> _Dataset extract_:
============================================================

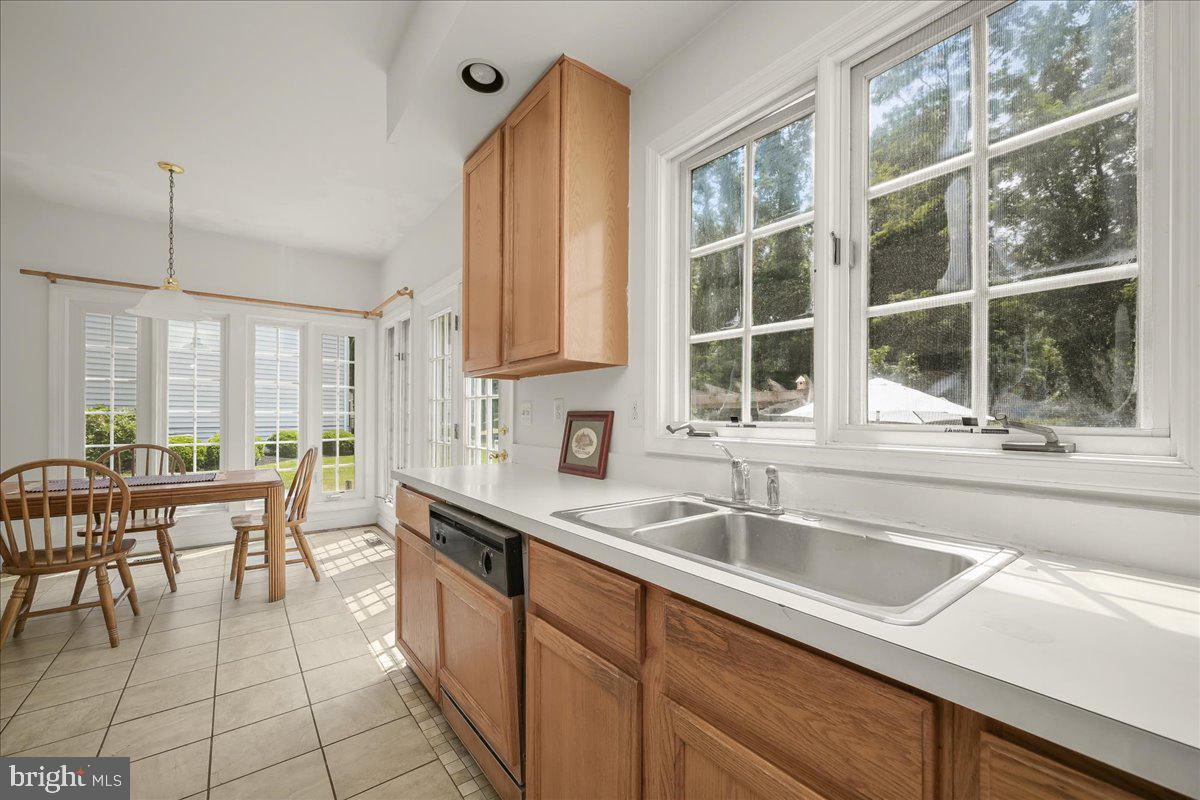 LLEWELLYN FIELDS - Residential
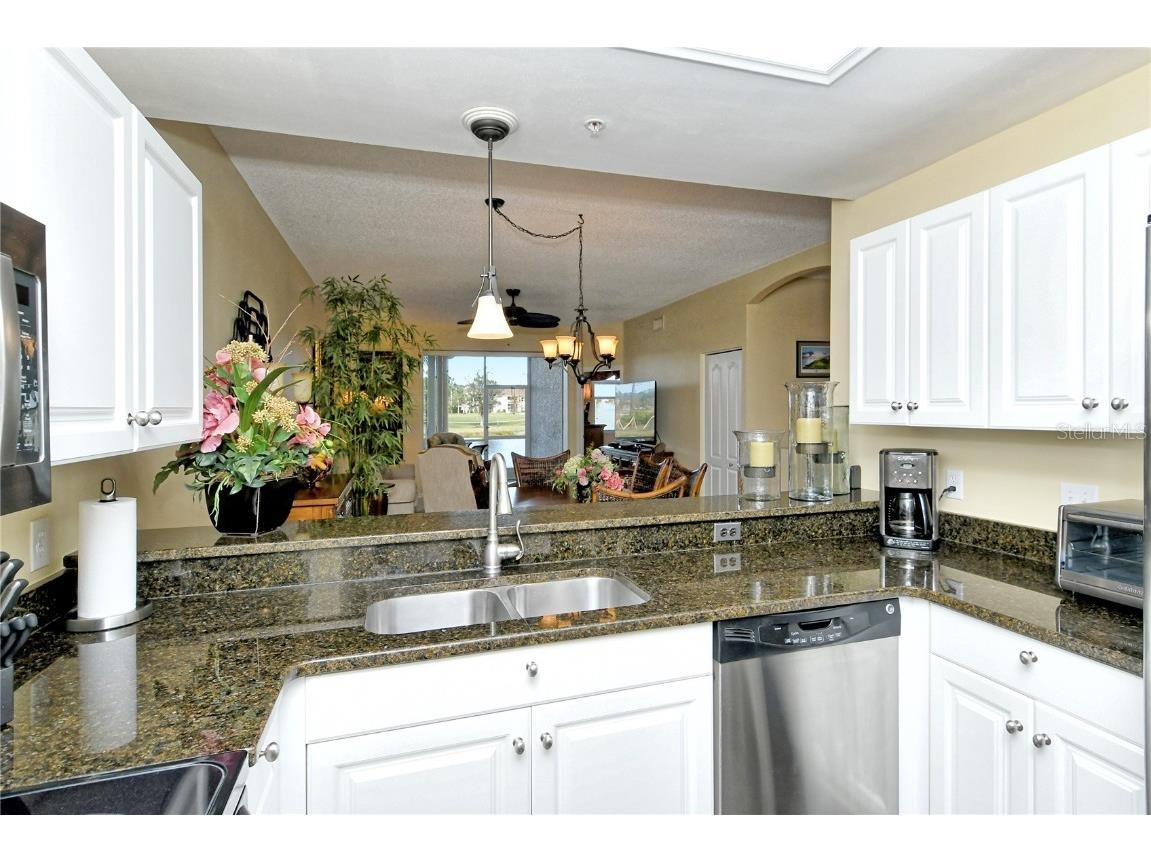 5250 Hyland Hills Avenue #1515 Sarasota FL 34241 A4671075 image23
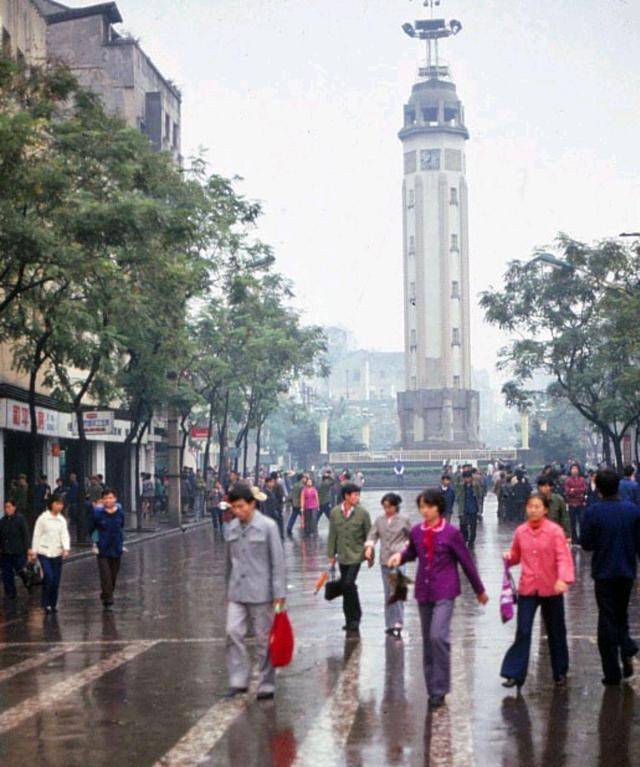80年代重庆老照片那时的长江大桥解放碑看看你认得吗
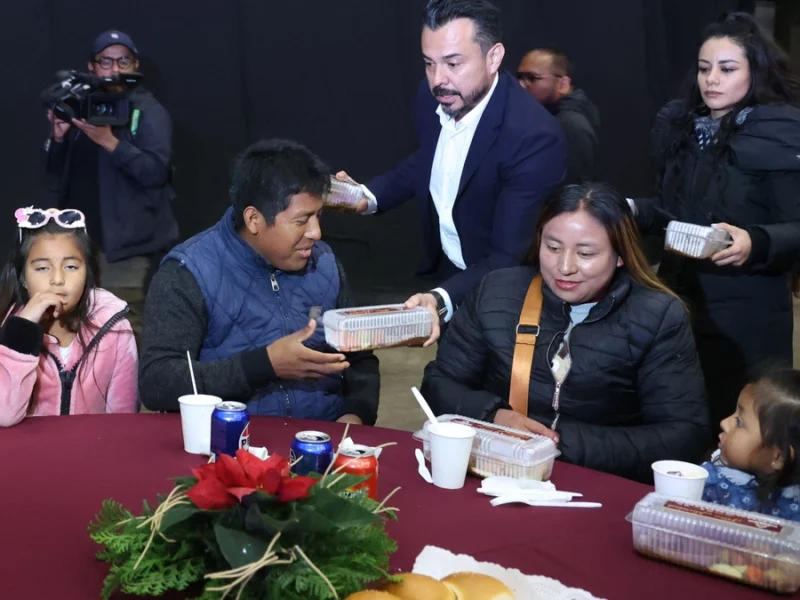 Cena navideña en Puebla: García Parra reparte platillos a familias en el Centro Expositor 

============================================================

What you hand back should match the listing exactly, except that no pictures appear.

> _Expected output_:
 LLEWELLYN FIELDS - Residential
 5250 Hyland Hills Avenue #1515 Sarasota FL 34241 A4671075 image23
80年代重庆老照片那时的长江大桥解放碑看看你认得吗
 Cena navideña en Puebla: García Parra reparte platillos a familias en el Centro Expositor 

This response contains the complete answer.